Part:BBa_K5487003

Name: Enhanced Surface Display of Z1-PETase and MHETase Fusion Protein

Function: This composite part is designed for the regulated and efficient surface display of the Z1-PETase and MHETase fusion protein on bacterial cells, utilizing the Lpp-OmpA system. The construct is intended for applications in biodegradation of plastics, biocatalysis, and potentially as a platform for other environmental or industrial processes.

Components and Mechanism:

T7 Promoter: A strong and tightly controlled promoter that initiates the transcription of the downstream genes. It is inducible by the addition of isopropyl β-D-1-thiogalactopyranoside (IPTG) or through interaction with the T7 RNA polymerase.

lac operator: A regulatory sequence that, in conjunction with the lac repressor, allows for the tunable repression of the T7 promoter in the absence of IPTG, ensuring that the expression of the fusion protein is tightly regulated.

RBS (Ribosome Binding Site): A sequence that precedes the coding region of the fusion protein, facilitating the binding of ribosomes and initiating translation.

Lpp-OmpA: A fusion protein construct that anchors the Z1-PETase and MHETase to the bacterial outer membrane, with Lpp acting as a signal peptide and OmpA as a stable membrane anchor.

Z1-PETase: An engineered variant of the PET hydrolase from Ideonella sakaiensis, which is capable of degrading polyethylene terephthalate (PET).

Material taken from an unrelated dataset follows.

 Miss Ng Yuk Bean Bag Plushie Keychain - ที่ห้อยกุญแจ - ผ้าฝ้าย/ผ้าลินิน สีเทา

MHETase: An enzyme responsible for the hydrolysis of monomeric units of PET, such as mono(2-ethylhexyl) terephthalate (MHET).

Optimal Conditions:

Temperature: Typically around 37°C for bacterial growth and protein expression. Media: An appropriate bacterial growth medium, such as Luria-Bertani (LB) broth, supplemented with the necessary antibiotics and inducers.

Application:

Biodegradation of PET: The surface-displayed Z1-PETase and MHETase can work synergistically to break down PET plastics into their monomers. Biocatalysis: The fusion protein can be used for the biocatalytic conversion of PET and related compounds in industrial processes. Environmental Remediation: This construct could be used in bioremediation strategies targeting plastic pollution.

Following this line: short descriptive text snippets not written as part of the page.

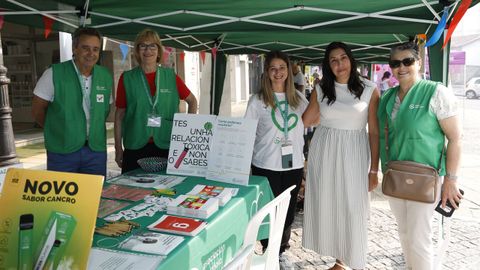 A Valenz. Puesto de la asociacin contra el cncer en Ourense en el Quinto Paseo da Sade por Barbads.

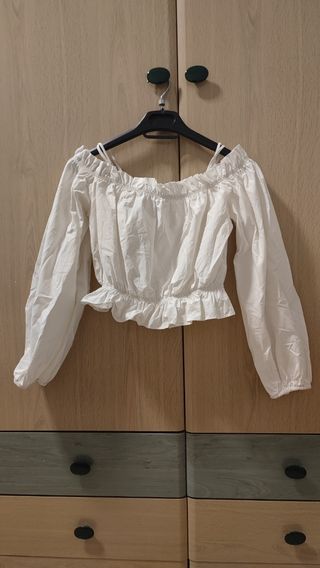 Blusa Bershka blanca hombros descubiertos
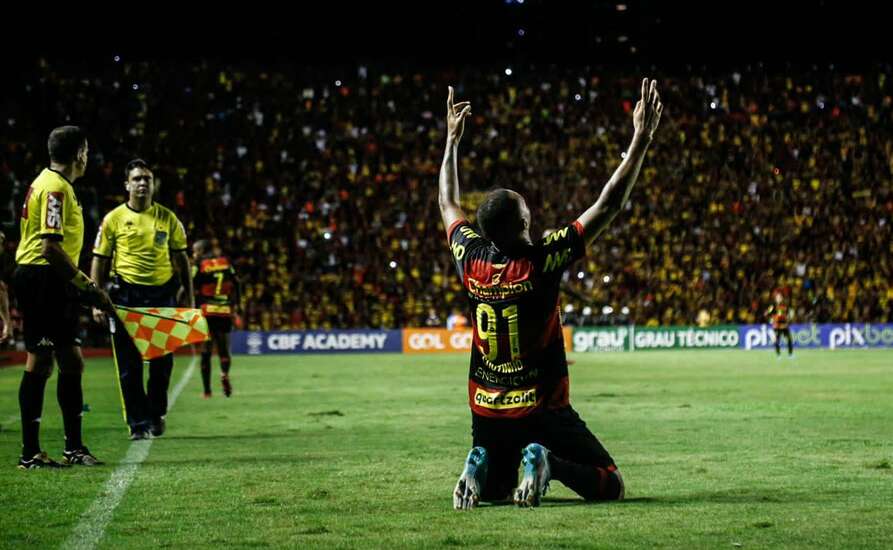 Série B: Leão vence e mantém vivo o sonho do acesso!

Usage in Projects: To use this composite part in a project:

Transformation: Transform the construct into a suitable bacterial host, such as E. coli. Induction: Induce the expression of the fusion protein by adding IPTG to the culture or by using a T7 RNA polymerase system. Verification: Confirm the surface display of the fusion protein using techniques such as immunofluorescence or flow cytometry. Application: Utilize the bacterial cells for biodegradation assays, biocatalysis, or other relevant applications.

Safety Considerations:

Handle bacterial cultures and recombinant DNA with appropriate biosafety precautions. Use personal protective equipment (PPE) and follow good microbiological practices.

Storage and Stability:

Store bacterial glycerol stocks at -80°C for long-term preservation. Maintain cell cultures under stable conditions to prevent loss of surface-displayed protein functionality.